- What to produce
The line containing "Close-up of golden" and all lines following it in the listing below are to be reproduced exactly, with no other lines.

- Information
=======
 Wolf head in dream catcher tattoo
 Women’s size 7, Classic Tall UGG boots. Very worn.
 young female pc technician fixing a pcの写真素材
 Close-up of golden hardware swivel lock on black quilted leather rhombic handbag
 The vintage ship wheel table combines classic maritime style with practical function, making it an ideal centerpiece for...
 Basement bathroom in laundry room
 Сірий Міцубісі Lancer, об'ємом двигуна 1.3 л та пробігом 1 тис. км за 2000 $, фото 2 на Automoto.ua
=======
- Solution for this task
 Close-up of golden hardware swivel lock on black quilted leather rhombic handbag
 The vintage ship wheel table combines classic maritime style with practical function, making it an ideal centerpiece for...
 Basement bathroom in laundry room
 Сірий Міцубісі Lancer, об'ємом двигуна 1.3 л та пробігом 1 тис. км за 2000 $, фото 2 на Automoto.ua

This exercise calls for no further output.